SOURCE INFORMATION
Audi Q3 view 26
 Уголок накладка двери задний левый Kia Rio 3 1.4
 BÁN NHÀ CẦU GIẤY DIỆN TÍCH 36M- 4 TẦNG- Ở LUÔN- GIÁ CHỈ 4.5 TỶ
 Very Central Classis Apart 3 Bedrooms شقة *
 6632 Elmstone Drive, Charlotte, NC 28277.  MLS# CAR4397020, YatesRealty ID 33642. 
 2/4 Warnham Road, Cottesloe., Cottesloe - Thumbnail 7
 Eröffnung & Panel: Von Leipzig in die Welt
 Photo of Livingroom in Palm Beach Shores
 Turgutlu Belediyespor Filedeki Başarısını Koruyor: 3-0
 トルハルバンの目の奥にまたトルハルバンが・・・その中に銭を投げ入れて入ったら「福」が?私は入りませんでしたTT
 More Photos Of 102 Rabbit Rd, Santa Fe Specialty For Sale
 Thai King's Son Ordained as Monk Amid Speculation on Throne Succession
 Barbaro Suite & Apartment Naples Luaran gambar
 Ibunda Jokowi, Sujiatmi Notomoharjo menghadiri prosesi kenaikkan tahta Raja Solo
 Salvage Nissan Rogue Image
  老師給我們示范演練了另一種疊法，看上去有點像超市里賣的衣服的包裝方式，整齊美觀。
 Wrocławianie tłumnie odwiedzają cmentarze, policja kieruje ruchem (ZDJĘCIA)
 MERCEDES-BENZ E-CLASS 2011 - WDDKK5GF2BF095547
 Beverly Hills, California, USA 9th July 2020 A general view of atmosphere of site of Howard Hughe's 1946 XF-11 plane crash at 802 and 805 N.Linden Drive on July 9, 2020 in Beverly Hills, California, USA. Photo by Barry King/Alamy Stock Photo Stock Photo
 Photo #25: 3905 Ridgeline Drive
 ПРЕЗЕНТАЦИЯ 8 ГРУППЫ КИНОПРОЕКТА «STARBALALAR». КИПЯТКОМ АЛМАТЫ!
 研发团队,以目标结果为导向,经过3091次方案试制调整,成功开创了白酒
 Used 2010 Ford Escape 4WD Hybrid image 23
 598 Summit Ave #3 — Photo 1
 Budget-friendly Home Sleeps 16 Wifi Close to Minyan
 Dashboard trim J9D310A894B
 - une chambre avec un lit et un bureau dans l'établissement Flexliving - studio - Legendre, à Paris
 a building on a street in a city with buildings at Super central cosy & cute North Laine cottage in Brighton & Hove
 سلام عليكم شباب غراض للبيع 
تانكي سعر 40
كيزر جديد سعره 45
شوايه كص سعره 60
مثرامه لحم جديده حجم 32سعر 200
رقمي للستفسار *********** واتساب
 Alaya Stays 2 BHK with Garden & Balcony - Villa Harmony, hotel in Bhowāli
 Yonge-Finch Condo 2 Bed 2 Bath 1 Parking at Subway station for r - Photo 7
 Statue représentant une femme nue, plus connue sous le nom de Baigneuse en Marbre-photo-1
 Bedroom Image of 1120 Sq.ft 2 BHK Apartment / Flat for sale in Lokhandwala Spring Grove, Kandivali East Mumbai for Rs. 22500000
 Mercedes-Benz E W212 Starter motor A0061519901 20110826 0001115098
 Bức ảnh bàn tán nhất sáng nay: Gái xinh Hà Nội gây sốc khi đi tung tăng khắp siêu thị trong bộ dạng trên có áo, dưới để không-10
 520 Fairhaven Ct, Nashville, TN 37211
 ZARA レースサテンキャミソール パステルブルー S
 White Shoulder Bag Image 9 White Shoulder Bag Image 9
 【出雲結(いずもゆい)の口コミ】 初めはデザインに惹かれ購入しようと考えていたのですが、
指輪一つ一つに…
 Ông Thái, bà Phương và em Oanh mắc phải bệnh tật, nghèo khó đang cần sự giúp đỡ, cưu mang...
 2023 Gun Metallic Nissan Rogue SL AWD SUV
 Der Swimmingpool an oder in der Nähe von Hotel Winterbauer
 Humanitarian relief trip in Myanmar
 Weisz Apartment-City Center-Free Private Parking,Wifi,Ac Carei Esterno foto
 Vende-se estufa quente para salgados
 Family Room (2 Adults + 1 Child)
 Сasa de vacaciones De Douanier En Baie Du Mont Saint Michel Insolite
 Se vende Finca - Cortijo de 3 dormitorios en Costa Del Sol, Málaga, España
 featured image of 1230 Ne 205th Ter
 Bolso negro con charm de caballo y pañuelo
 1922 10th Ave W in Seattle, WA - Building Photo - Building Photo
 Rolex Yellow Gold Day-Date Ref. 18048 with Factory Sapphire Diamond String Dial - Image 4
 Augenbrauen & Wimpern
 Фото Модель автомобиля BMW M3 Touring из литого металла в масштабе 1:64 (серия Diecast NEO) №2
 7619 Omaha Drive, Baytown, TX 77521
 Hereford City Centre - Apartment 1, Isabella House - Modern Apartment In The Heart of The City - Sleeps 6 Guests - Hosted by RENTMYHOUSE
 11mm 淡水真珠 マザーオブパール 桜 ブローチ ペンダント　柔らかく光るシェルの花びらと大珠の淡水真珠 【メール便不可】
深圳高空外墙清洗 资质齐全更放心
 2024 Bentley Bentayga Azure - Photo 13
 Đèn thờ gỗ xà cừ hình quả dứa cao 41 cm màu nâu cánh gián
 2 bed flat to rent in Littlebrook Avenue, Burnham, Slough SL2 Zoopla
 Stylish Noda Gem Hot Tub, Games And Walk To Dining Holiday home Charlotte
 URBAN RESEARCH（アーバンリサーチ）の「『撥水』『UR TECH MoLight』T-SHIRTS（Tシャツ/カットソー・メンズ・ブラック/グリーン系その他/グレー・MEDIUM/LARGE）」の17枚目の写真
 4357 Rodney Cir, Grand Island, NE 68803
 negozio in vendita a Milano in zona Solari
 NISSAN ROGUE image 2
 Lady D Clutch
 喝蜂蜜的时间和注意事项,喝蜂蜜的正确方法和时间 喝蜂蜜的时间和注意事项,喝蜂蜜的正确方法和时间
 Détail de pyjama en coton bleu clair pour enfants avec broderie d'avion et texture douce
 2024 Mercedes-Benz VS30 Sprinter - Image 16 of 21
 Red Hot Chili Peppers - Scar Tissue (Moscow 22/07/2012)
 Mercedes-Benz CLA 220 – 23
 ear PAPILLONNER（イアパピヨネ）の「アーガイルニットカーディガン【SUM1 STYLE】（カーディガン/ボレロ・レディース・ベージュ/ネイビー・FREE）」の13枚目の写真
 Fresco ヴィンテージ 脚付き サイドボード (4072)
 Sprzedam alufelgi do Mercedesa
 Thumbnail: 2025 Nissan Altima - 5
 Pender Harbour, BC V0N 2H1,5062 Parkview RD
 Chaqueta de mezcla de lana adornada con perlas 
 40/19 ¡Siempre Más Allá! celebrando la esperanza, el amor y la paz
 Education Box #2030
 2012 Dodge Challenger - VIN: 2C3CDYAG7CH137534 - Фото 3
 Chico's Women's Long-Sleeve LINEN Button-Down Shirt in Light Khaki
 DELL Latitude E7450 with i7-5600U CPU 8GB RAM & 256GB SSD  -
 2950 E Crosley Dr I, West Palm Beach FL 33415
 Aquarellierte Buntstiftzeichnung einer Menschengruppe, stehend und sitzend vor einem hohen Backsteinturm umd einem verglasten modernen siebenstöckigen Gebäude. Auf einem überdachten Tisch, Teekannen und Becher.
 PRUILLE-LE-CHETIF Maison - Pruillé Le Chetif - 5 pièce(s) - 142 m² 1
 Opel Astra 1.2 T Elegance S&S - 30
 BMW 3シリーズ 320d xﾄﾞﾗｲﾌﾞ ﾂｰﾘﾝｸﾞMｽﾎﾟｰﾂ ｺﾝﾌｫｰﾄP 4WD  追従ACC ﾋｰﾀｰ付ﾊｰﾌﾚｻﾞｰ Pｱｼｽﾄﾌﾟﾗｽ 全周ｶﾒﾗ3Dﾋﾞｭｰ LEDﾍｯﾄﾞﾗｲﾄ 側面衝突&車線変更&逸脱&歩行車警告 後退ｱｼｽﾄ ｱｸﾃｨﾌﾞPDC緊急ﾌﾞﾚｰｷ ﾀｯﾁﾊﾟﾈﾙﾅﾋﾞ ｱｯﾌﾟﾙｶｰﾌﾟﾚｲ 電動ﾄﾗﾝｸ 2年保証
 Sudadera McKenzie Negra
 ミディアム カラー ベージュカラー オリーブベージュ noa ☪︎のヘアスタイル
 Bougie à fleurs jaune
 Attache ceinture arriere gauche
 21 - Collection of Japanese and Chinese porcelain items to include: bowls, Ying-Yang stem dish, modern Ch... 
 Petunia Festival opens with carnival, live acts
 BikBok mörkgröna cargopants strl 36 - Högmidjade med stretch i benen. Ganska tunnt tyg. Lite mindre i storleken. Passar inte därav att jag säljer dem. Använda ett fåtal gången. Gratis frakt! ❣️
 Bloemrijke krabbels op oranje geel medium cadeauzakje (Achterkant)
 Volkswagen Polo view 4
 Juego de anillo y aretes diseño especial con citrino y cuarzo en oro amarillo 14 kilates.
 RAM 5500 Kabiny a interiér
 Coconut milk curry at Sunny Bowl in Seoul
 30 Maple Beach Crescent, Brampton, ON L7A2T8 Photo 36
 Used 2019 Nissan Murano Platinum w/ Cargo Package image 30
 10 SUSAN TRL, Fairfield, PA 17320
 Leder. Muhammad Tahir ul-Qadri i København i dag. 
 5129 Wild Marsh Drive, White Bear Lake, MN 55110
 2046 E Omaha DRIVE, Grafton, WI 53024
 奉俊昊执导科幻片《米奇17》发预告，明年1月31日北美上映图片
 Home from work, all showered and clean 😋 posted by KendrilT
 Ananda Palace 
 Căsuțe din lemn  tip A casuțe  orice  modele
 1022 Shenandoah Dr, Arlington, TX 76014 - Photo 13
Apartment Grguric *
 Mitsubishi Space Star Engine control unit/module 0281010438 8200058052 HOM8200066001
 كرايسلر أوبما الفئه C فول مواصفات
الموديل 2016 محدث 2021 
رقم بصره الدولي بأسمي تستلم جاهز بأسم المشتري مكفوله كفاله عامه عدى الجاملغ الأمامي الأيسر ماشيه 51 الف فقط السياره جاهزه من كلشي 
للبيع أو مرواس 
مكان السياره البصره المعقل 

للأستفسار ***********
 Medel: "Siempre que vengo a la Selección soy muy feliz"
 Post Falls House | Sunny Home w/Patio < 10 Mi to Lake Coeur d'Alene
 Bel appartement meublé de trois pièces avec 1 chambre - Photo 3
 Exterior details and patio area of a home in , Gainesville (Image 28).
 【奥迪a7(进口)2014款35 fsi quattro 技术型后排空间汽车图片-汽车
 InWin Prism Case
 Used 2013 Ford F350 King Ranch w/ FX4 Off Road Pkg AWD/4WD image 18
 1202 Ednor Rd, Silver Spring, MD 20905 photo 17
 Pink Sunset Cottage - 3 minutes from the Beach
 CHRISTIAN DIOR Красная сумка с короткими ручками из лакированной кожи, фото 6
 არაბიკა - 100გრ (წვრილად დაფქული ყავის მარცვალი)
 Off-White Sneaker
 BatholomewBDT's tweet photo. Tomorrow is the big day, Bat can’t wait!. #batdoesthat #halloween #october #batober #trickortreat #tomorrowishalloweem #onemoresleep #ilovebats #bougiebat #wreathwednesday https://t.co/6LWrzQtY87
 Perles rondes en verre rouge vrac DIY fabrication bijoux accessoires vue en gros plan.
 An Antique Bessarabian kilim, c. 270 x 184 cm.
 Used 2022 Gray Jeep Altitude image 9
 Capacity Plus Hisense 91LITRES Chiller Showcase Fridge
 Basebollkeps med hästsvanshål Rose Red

EXERCISE DIRECTIONS
Only the lines above from the one with "1922 10th Ave" up to and including the one with "URBAN RESEARCH（アーバンリサーチ）の「『撥水』『UR TECH" should be repeated, exactly as written.

TASK RESPONSE
 1922 10th Ave W in Seattle, WA - Building Photo - Building Photo
 Rolex Yellow Gold Day-Date Ref. 18048 with Factory Sapphire Diamond String Dial - Image 4
 Augenbrauen & Wimpern
 Фото Модель автомобиля BMW M3 Touring из литого металла в масштабе 1:64 (серия Diecast NEO) №2
 7619 Omaha Drive, Baytown, TX 77521
 Hereford City Centre - Apartment 1, Isabella House - Modern Apartment In The Heart of The City - Sleeps 6 Guests - Hosted by RENTMYHOUSE
 11mm 淡水真珠 マザーオブパール 桜 ブローチ ペンダント　柔らかく光るシェルの花びらと大珠の淡水真珠 【メール便不可】
深圳高空外墙清洗 资质齐全更放心
 2024 Bentley Bentayga Azure - Photo 13
 Đèn thờ gỗ xà cừ hình quả dứa cao 41 cm màu nâu cánh gián
 2 bed flat to rent in Littlebrook Avenue, Burnham, Slough SL2 Zoopla
 Stylish Noda Gem Hot Tub, Games And Walk To Dining Holiday home Charlotte
 URBAN RESEARCH（アーバンリサーチ）の「『撥水』『UR TECH MoLight』T-SHIRTS（Tシャツ/カットソー・メンズ・ブラック/グリーン系その他/グレー・MEDIUM/LARGE）」の17枚目の写真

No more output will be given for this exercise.